KUALA LUMPUR (Reuters) - Malaysia’s new parliament descended into chaos on Wednesday as a revitalised opposition disrupted proceedings amid noisy name-calling and insults.
The pandemonium sparked concerns that Prime Minister Abdullah Ahmad Badawi, already under pressure to quit after the March 8 general elections, could struggle to push through legislation.
“We have had the most cantankerous session in three decades,” Foreign Minister Rais Yatim, a lawmaker for the past 25 years, told reporters.
The chaotic scenes were broadcast live on state television, prompting the information minister to reconsider the decision because he said the MPs were “playing to the gallery”.

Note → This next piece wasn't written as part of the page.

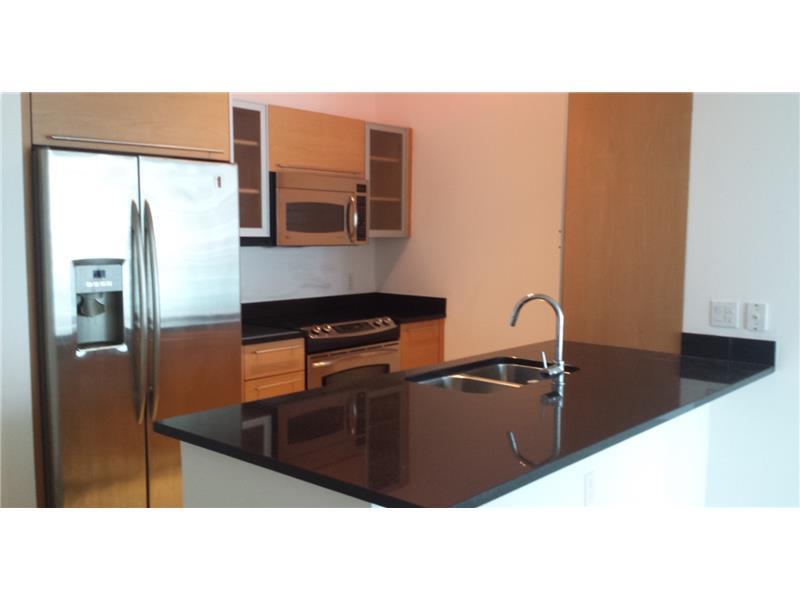 THE PLAZA 851 BRICKELL CO - Residential Lease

The March 8 polls saw Abdullah’s ruling coalition lose its two-thirds majority in parliament for the first time in four decades.

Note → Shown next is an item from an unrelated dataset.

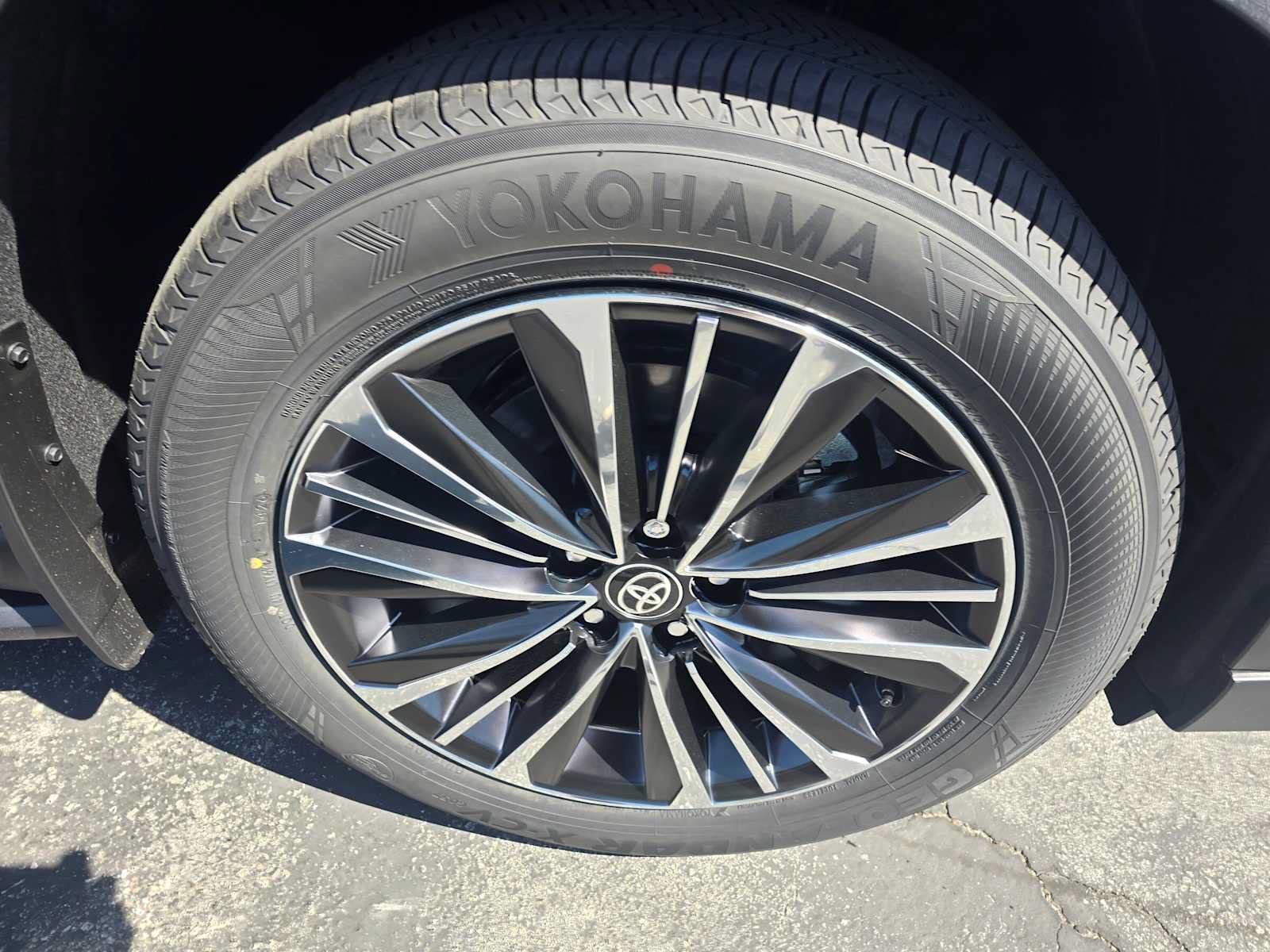New 2026 Toyota Grand Highlander AWD Hybrid image 9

The shouting match began after veteran opposition lawmaker Karpal Singh questioned the way the session was being held.
When a government MP, Bung Moktar Radin, disturbed him, Karpal retaliated: “I hope Bigfoot ... does not disrupt the proceedings.”
Moktar immediately stood up and shouted: “I am Bigfoot, you are big monkey.”
The assembly’s new speaker, Pandikar Amin Mulia, immediately rebuked both of them: “Let’s not create chaos in parliament.”
Government and opposition MPs traded fresh barbs after Amin refused the usual follow-up question for Abdullah, who had earlier answered a pre-submitted question.
Former opposition leader Lim Kit Siang accused the speaker of making “a mockery of parliament”.
“This is not the First World parliament but the Tenth World parliament,” he said.